From the U.S. healthcare business front,

  • Per STAT News,
    • Sage Therapeutics set the price of Zurzuvae, its recently approved treatment for postpartum depression, at $15,900 for a 14-day course of therapy. The once-daily pill will be launched in December, co-marketed with Biogen. 
    • “Eisai reported sales of 300 million yen ($2 million) for Leqembi, its treatment for Alzheimer’s disease, in the company’s fiscal second quarter. Approximately 800 people were receiving treatment with Leqembi as of Oct. 27, the company said.” 
  • Beckers Payer Issues ranks the major health insurers by third-quarter medical loss ratios.
  • Per Healthcare Dive,
    • “E-prescribing giant Surescripts has acquired ActiveRADAR, a company that aims to find cheaper medication alternatives.

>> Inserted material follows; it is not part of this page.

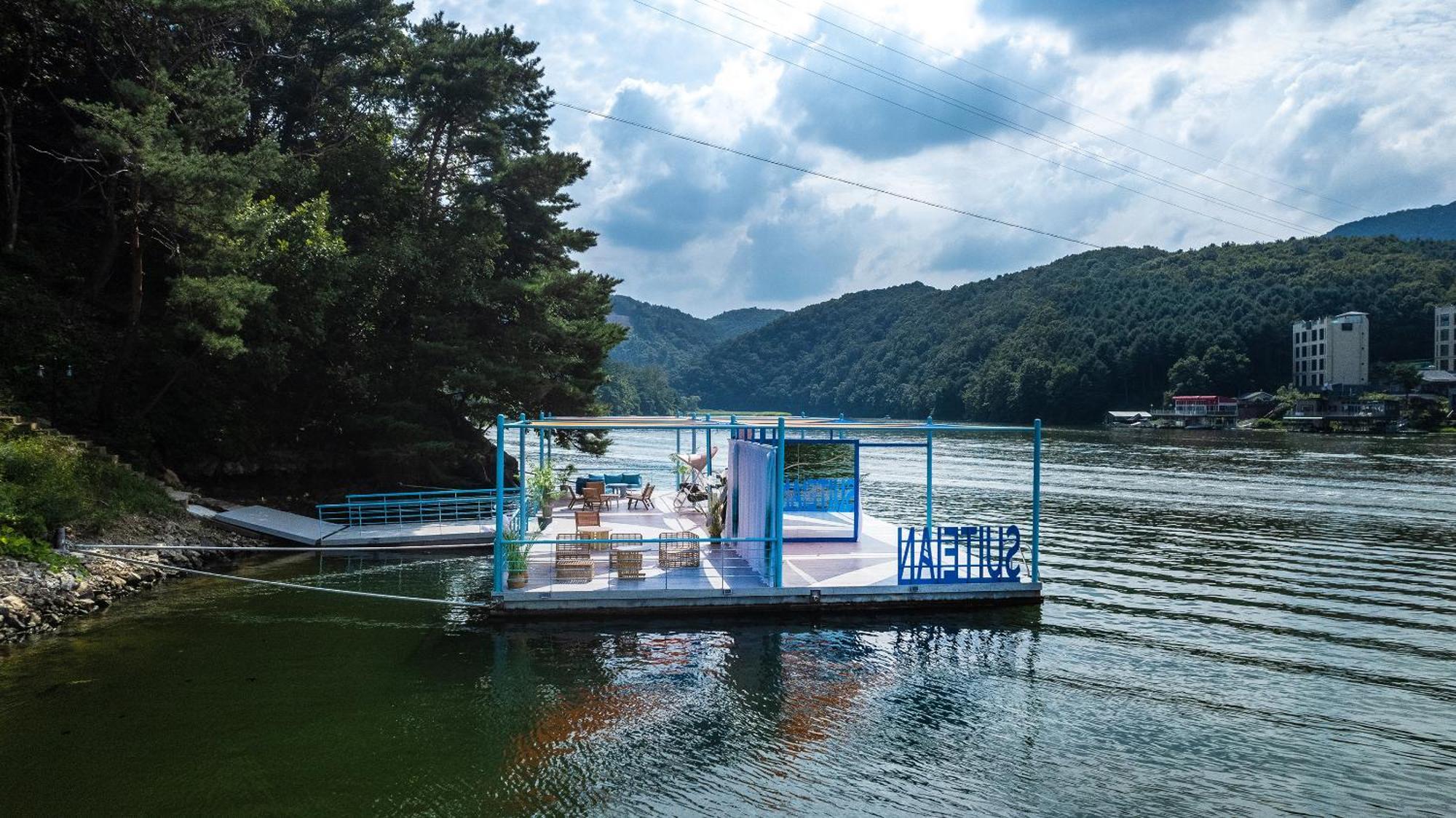 Gapyeong Suiteian Hotel&Resort Kültér fotó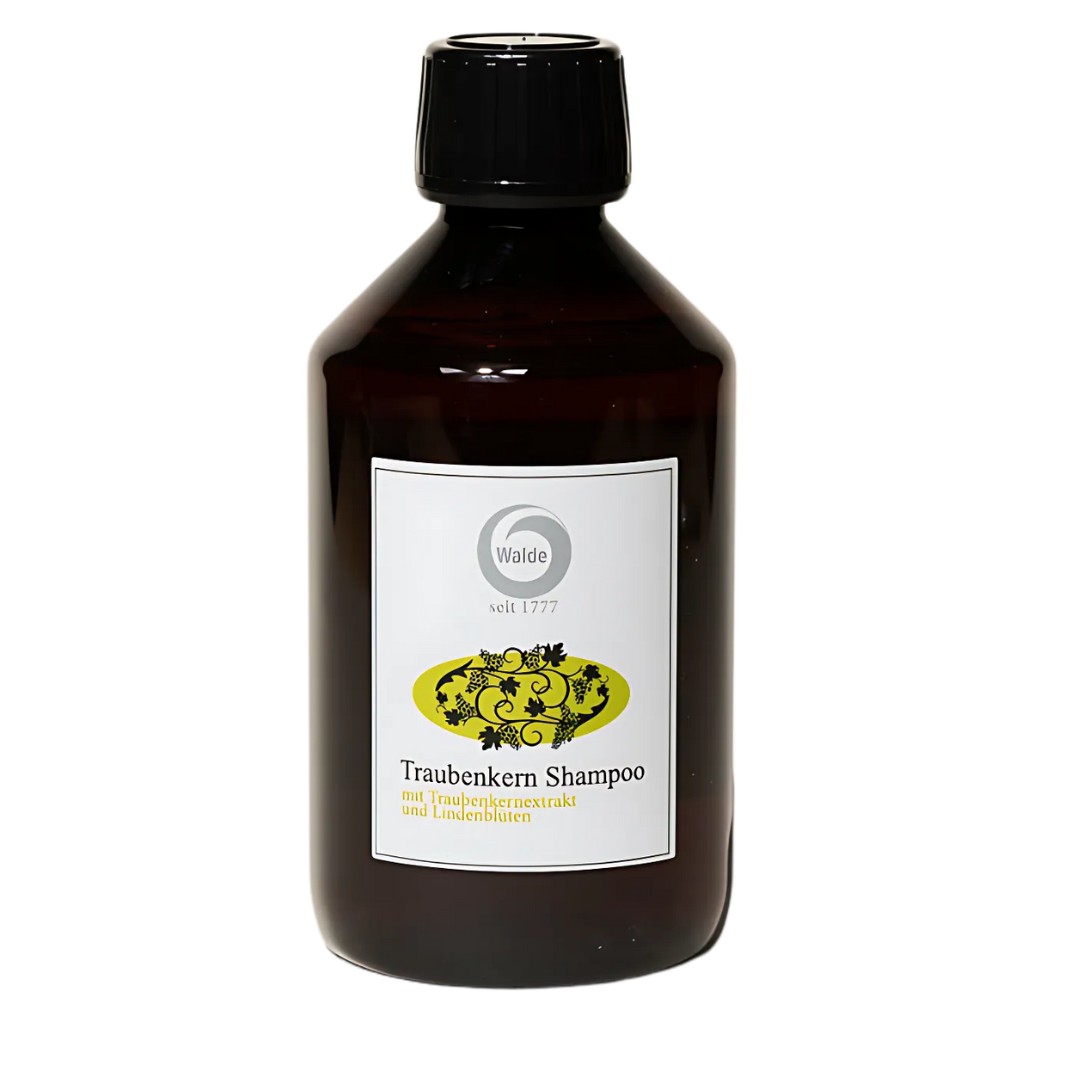 Walde Traubenkernöl Haarshampoo 300ml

    • “ActiveRADAR, formerly known as RxTE Health, evaluates drugs in 165 therapeutic categories to identify clinical equivalents, then uses health plan-specific data to determine alternative medications that could reduce costs for employers and patients, according to the company.
    • “The deal, announced on Monday, makes ActiveRADAR a wholly owned subsidiary of Surescripts, according to a company spokesperson. Terms of the deal weren’t disclosed.”
  • Forbes offers “Five considerations for health plan leaders using AI-enabled prior authorization and utilization management.”